**Assignment:** The answer is the exact run of lines in the listing below from the line containing "Bajaj Almond Drops" up to and including the line containing "African American Framed", with pictures removed.

**Dataset records:**
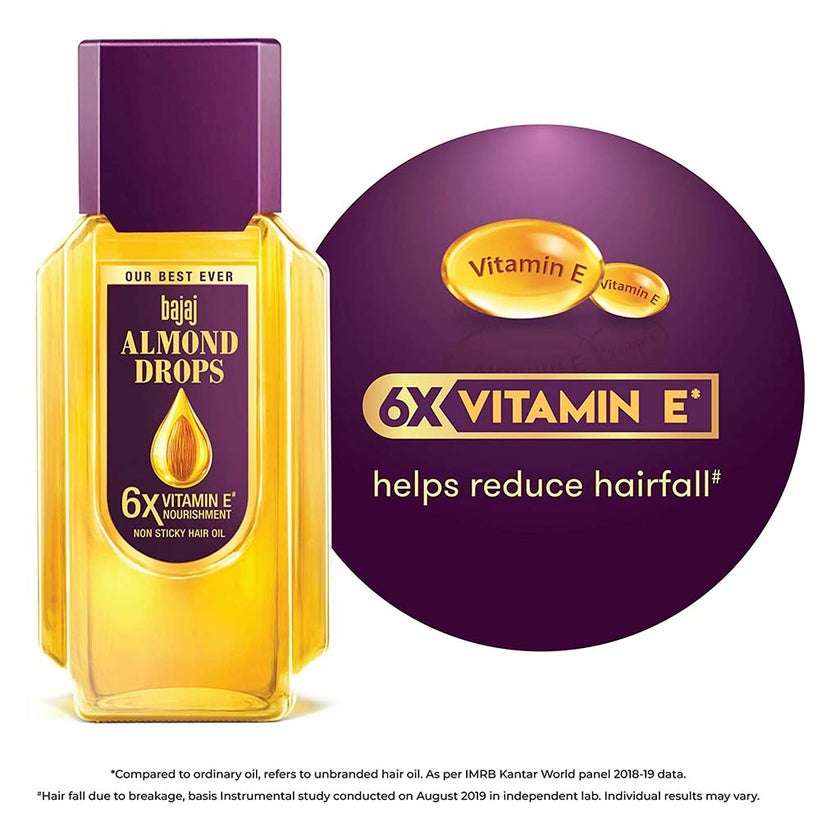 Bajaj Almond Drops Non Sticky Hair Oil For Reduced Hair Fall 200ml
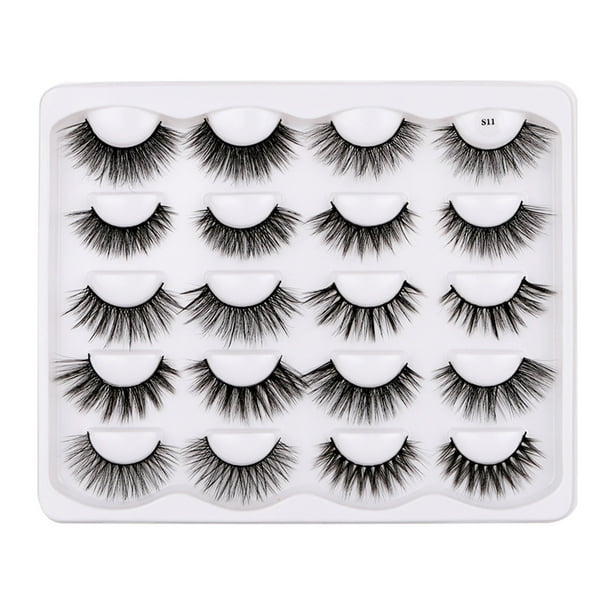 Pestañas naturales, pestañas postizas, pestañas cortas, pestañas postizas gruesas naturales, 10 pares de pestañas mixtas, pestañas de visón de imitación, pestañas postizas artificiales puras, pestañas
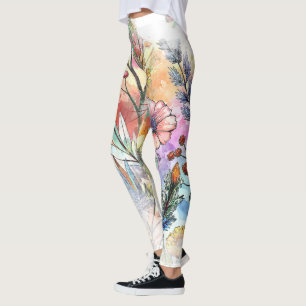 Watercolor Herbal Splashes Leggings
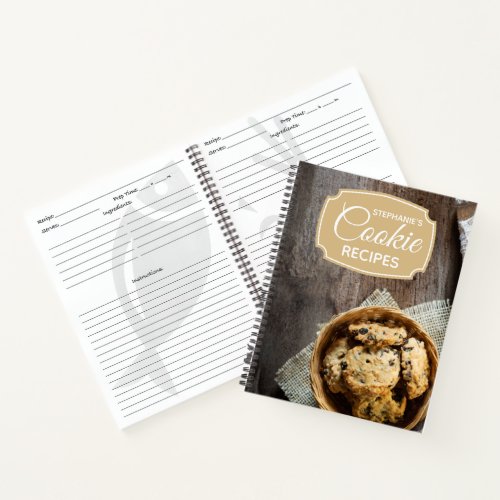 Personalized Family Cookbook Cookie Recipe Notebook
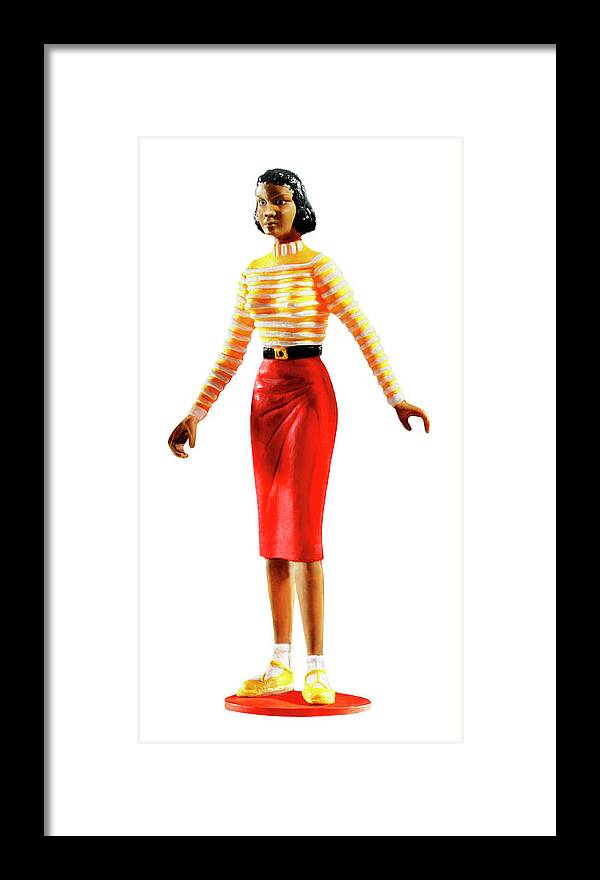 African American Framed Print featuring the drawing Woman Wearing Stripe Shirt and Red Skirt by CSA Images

--

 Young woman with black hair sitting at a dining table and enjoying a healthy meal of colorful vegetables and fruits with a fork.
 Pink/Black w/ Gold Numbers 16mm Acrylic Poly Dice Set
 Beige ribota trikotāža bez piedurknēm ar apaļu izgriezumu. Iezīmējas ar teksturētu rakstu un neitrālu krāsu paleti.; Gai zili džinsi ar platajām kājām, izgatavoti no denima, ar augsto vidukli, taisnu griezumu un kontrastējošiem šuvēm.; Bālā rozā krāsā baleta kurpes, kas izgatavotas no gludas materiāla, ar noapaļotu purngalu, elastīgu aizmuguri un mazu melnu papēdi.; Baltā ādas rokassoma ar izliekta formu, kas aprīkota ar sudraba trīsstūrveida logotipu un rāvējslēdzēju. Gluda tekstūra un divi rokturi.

...

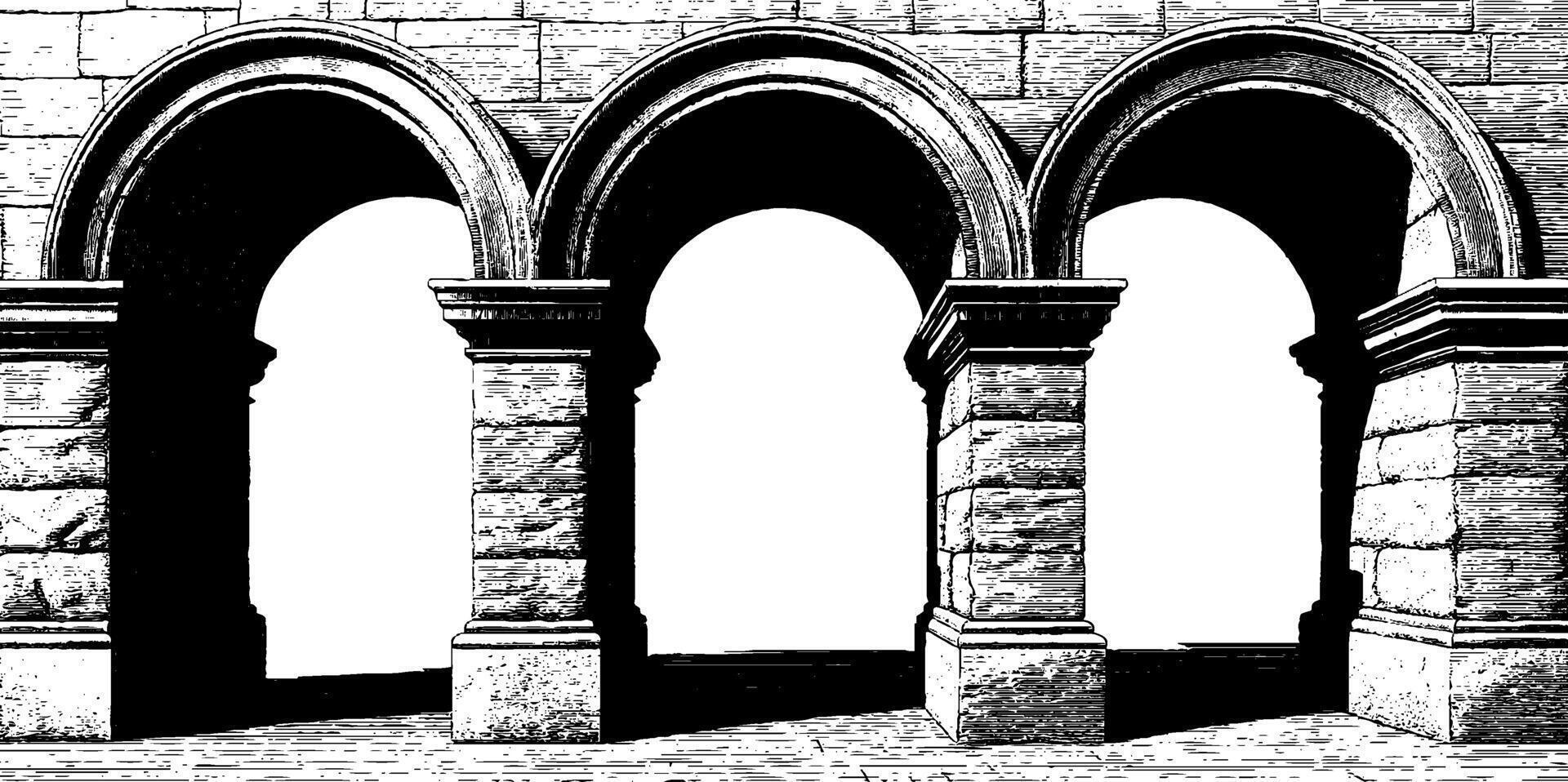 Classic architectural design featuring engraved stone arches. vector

**Reply:**
 Bajaj Almond Drops Non Sticky Hair Oil For Reduced Hair Fall 200ml
 Pestañas naturales, pestañas postizas, pestañas cortas, pestañas postizas gruesas naturales, 10 pares de pestañas mixtas, pestañas de visón de imitación, pestañas postizas artificiales puras, pestañas
 Watercolor Herbal Splashes Leggings
 Personalized Family Cookbook Cookie Recipe Notebook
 African American Framed Print featuring the drawing Woman Wearing Stripe Shirt and Red Skirt by CSA Images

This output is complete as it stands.